Les nerfs se sont tendus durant la rencontre, des décisions contestées, mais le match est arrivé finalement à son terme. Le vainqueur et ses supporters s’en sont donné à cœur joie pendant que les hôtes du tournoi écrasaient des larmes de déception pour un trophée qu’ils poursuivent depuis un demi-siècle. La dure loi du sport, du foot particulièrement, a frappé comme elle sait souvent se faire respecter dans les ultimes minutes.
Cette Can n’a laissé presque personne indifférente. Des images venues de partout montrent la célébration de la victoire sénégalaise dans de nombreuses parties du monde. Les « Lions » du foot, en véritables ambassadeurs, sont rentrés dans le même sillage : honorés, célébrés et fêtés comme il se devait par le peuple.
Des récompenses à la hauteur de l’exploit (terrains, argent…) faisant dire à quelqu’un une « belle exhortation aux jeunes de privilégier le ballon » comme pour anticiper sur une polémique prochaine à la tombée de la clameur victorieuse. Sans pour autant dénier une once au mérite des « Mbarodi ».
La fraternité est aujourd’hui de tourner la page des inimitiés footballistiques et de sauver les relations avec tous les pays amis et entre Africains. Une tâche pour des diplomates qui sauront sauver « l’essentiel de l’accessoire », selon la formule de Babacar Justin Ndiaye.
Le Coran ne tonne-t-il pas que « Les croyants sont des frères. Établissez la concorde entre vos frères et craignez Allah afin qu’on vous fasse miséricorde » (S 49/V10) ? Ainsi, comment comprendre et accepter que la passion du foot puisse prendre le dessus sur tout le reste.
Il est évident qu’il faudra situer les responsabilités (arbitrage, comportements, manquements et provocations des différentes parties), mais ne laissons pas le foot remettre tout en cause. La polémique s’invite au-delà du continent comme pour montrer que le foot est l’« opium du peuple » des temps modernes, en référence à Karl Marx qui critiquait la « religion comme une illusion qui apaise les souffrances des opprimés sans résoudre les véritables problèmes sociaux ».
Elle démontre surtout l’intolérance qui habite l’humanité de nos jours. Une humanité à la pointe de la technologie et des découvertes, mais dépourvue d’un sens de partage, de compassion, de justice. Un monde en ébullition en est la résultante.
Entre les menaces de Trump d’annexer le Groenland, après avoir capturé et extradé le président vénézuélien, et ses multiples menaces (taxes, surtaxes, restrictions sur le visa, menaces sur l’Iran, anéantissement de la bande de Gaza…), et les récriminations peu audibles et convaincantes des Européens, se révèlent un double jeu et un parti-pris évidents des plus forts qui essaient d’imposer leur loi dans tous les compartiments.

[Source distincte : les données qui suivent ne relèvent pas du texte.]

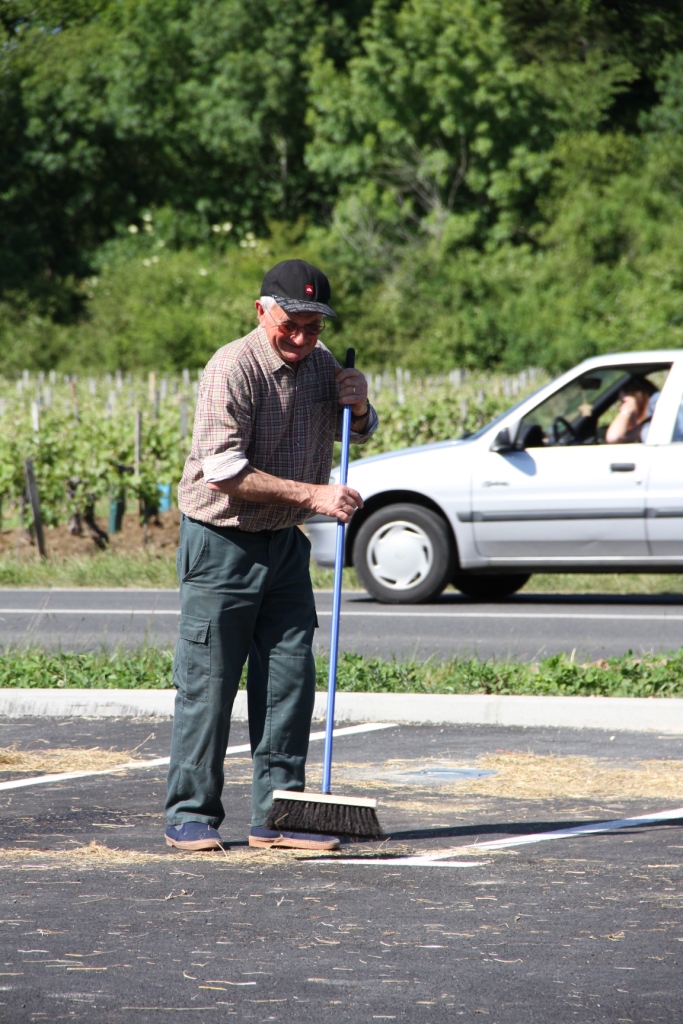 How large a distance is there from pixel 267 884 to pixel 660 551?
25.1ft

Au nom du capitalisme. Du profit, de la plus-value.
Le soutien apporté aujourd’hui au Groenland devrait être le même pour la Palestine. Les injustices, ce sont également ces velléités d’immixtion du président de la Fifa dans le foot africain qu’il tente d’infantiliser sans retenue et neutralité.

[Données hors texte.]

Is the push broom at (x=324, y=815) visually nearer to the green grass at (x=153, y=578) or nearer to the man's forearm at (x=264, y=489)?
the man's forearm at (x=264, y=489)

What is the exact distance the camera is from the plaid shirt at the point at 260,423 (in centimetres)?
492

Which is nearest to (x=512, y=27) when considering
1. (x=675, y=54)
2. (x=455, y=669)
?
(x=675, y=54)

Il est le seul à oser remettre un « Prix de la paix de la Fifa » récemment lors du tirage au sort du Mondial à Donald Trump, privé du Nobel dans un contexte tourmenté.
Peut-être un salut du côté germanique où le gouvernement allemand a confirmé, avant-hier, qu’il laissait le choix à la Fédération allemande de football de décider d’un éventuel boycott de la prochaine Coupe du monde 2026, co-organisée par les États-Unis, le Mexique et le Canada, en riposte aux menaces du président américain Donald Trump.

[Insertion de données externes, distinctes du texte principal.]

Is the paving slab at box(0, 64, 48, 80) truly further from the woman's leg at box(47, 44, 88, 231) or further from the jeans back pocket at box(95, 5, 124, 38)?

Ces menaces sont inhérentes aux tensions nées de la volonté américaine de s’emparer du Groenland et des menaces de taxes douanières accrues contre les États européens. Ainsi, plusieurs voix en Allemagne ont évoqué ces derniers jours l’option d’un boycott, voire d’une annulation du Mondial.
La Fédération allemande et la Fifa devront trancher en toute autonomie, a indiqué la secrétaire d’État aux Sports Christiane Schenderlein. Selon des infos fiables, cette évaluation incombe donc aux fédérations concernées, et le gouvernement fédéral acceptera leur décision.
Un boycott de la Nationalmannschaft, quadruple championne du monde qui n’a pas manqué un Mondial depuis 1950, sonnerait le glas du foot mondial. Une occasion pour les Africains de s’affirmer et de se faire entendre si jamais des visas ne sont pas remis à leurs supporters pour voyager aux États-Unis qui ne font plus rêver.